La memoria del Ventennio mussoliniano si condensa anche in due numeri. Numeri che contrassegnano due drappelli di uomini, perlopiù gente di accademia. Due gruppi non direttamente contrapposti, ma divenuti comunque simbolo di atteggiamenti diversissimi nei confronti del regime. Da un lato, “i Dodici”, commemorati tra l’altro qualche anno fa nel libro “Preferirei di no” di Giorgio Boatti: i dodici professori universitari, cioè, che (unici fra milleduecentocinquanta docenti) rifiutarono nell’ottobre del 1931 di giurare fedeltà al regime fascista. E, non tra parentesi, ci persero la cattedra.
Dall’altro lato, invece, ci sono “i Dieci” di cui si occupa ora Franco Cuomo: vale a dire, i dieci scienziati italiani che sottoscrissero il Manifesto della razza (noto anche come Manifesto degli scienziati razzisti, giusto per fugare ogni dubbio, fin dall’intestazione, riguardo ai suoi contenuti), pubblicato a partire dal 15 luglio 1938 sui quotidiani italiani. Forse non proprio estensori del documento, forse più che altro puntello di autorevolezza scientifica di un’iniziativa autonomamente prodotta dal Duce e dai suoi collaboratori, i dieci macchiarono la propria dignità inchiostrando con la loro firma l’abbrivio cartaceo di quella corsa che condusse tempestivamente alle leggi razziali antisemite. E alla successiva deportazione, destinazione lager, di moltissimi membri della comunità israelitica italiana e alla morte, dunque, di migliaia di persone. Più di trecento personalità sottoscrissero nei giorni a seguire i principi programmatici contenuti nel Manifesto. Tra gli altri, Giovanni Gentile, un non sorprendente Julius Evola, Giovanni Papini, Padre Agostino Gemelli, Amintore Fanfani e quel Generale Badoglio che, arrestato Mussolini il 25 luglio del 1943, non si affannò ad abrogare le leggi razziali per non “porsi in violento urto coi tedeschi”, come ebbe a spiegare nelle sue memorie. Chissà se anche la deposizione del Duce era stata escogitata con la medesima prudenza di non “porsi in violento urto” con Berlino.

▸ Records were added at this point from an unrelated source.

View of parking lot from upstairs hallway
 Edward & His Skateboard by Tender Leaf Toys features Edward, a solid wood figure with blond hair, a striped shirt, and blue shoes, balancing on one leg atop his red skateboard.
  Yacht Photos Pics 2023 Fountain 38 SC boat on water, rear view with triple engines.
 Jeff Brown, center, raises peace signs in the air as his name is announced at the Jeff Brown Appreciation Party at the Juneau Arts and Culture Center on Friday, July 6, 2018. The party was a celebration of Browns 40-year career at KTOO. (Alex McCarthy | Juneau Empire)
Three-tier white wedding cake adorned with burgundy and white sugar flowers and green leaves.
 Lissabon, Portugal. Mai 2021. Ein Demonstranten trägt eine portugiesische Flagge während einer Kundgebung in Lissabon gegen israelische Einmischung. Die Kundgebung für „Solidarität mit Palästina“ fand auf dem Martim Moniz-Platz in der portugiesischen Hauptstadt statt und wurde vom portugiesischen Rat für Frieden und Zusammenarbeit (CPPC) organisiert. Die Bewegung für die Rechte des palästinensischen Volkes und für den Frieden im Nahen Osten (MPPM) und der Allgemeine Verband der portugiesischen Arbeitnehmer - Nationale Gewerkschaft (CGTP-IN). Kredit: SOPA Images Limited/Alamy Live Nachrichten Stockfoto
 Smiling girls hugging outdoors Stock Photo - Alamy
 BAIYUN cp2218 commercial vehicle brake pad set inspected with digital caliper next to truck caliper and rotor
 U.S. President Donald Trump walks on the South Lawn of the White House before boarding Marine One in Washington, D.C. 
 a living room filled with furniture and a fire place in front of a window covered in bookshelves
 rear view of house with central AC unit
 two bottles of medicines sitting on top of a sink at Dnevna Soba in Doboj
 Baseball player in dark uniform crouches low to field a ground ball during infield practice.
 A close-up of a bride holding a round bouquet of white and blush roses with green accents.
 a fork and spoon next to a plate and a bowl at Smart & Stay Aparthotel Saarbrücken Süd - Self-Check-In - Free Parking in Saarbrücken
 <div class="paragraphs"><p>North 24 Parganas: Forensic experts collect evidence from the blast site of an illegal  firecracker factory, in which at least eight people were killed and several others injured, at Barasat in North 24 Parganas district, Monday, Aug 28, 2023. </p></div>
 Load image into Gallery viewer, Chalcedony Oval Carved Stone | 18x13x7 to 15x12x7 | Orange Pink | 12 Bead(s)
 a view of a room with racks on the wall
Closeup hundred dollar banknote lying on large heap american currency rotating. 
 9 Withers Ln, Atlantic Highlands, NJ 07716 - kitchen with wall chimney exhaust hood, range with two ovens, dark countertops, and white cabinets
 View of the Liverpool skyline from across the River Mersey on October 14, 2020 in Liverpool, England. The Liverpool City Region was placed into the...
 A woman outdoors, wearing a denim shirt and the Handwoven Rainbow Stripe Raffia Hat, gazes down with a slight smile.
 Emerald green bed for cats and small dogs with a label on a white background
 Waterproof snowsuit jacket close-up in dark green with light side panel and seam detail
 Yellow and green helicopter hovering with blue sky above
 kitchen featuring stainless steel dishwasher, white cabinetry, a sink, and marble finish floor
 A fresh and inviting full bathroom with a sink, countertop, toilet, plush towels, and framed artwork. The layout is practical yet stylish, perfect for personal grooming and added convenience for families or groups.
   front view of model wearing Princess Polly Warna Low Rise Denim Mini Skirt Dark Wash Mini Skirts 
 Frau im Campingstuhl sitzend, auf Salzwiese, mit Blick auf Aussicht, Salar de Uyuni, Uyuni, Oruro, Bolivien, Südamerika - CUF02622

L’obiettivo di Cuomo non è però l’intero spettro dei partecipati alla canea antisemita. Sono, invece, proprio i dieci scienziati il suo bersaglio. Le loro pietose (spesso goffamente bugiarde) autogiustificazioni dopo la fine della guerra. Il loro aver mantenuto e accresciuto gli incarichi e gli onori universitari. Il fatto che ad alcuni di essi siano intestati premi, strade, aule e istituti scolastici. Pur essendo evidente, almeno per molti di loro, che la firma al Manifesto non fu un’imprudente sbadataggine, un episodico momento di viltà davanti alle richieste del regime. I lori libri, i loro articoli su periodici come la Difesa della razza e Diritto razzista, gli incontri con i pianificatori nazisti dello sterminio, la visita di Guido Landra e Lino Businco al campo di Sachsenhausen nel dicembre 1938 li accusano di non essere stati degli sprovveduti, manovrati e costretti a siglare il manifesto.
Il libro di Cuomo, che è sì un saggio storico ma soprattutto un infiammato pamphlet, si prefigge di operare una damnatio memoriae alla rovescia nei confronti dei dieci. Una damnatio alla memoriae, piuttosto, è infatti l’intento del libro. I dieci “volevano dimostrare che esistono esseri inferiori. E ci riuscirono, in prima persona. Perché lo furono” – commenta sarcastico l’autore. “Nessuno dimentichi dunque i dieci scienziati del ‘38”: e nel libro i loro nomi (Lino Businco, Lidio Cipriani, Arturo Dosaggio, Leone Franzi, Guido Landra, Nicola Pende, Marcello Ricci, Franco Savorgnan, Sabato Visco, Edoardo Zavattari) ricorrono elencati moltissime volte come in un Leitmotiv, in un refrain della memoria.